When Hay returned to his home in Bend after his tour, he struggled to find work and to fit back into society. He said his stepfather has done maintenance at the camp and his mother talked to Wheeler about Hay working for her.
“The idea of a place like this is important to me, especially because I’m a veteran with a 50-percent disability rating,” Hay said. “I would like to bring guys in who have gone through what I have, or worse, and bring them here.”
The camp, for Hay, has been what Wheeler envisions for other veterans.
“It has a healing sense to it,” Hay said. “There is something about being out in the woods and away from people.”
Wheeler said besides renovating the camp’s buildings, she is looking for packers, guides and support from veteran centers around the region.

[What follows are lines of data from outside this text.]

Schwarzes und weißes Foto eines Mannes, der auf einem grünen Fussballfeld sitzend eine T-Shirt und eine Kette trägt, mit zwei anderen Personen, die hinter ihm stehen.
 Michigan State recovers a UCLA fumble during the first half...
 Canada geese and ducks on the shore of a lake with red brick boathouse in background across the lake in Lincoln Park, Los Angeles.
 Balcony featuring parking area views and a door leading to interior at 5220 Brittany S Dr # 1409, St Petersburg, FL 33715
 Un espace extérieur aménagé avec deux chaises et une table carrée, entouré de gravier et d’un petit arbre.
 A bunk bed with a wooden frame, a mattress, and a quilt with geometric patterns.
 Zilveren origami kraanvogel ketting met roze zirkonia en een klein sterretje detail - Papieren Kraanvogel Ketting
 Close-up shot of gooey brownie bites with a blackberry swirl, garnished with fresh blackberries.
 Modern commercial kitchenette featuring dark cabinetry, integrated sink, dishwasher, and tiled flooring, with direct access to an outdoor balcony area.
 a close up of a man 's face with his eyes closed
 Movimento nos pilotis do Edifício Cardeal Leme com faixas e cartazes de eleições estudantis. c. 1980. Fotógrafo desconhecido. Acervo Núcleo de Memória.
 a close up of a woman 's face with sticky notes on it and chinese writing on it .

The renovated cabins will have bathrooms, kitchenettes and wood stoves. Wheeler said the flooring has been donated and she is looking for a plumber to complete the bathrooms.
“People have been so generous,” she said.
Solar panels were installed for electricity and to run the water pump at a spring. Donated fencing supplies have been used to keep cattle and wildlife out of the spring.
The camp has its own sawmill run by Erlynn Hoffman, Wheeler said, and trees from the property are turned into boards for the various projects, including a shed, constructed at the camp.
“Erlynn can look at a tree and decide what it would be best for,” Wheeler said.
Yet her biggest struggle right now is wading through the nonprofit process with the Internal Revenue Service. A willing foundation, lender or donor would help expedite the process, Wheeler said.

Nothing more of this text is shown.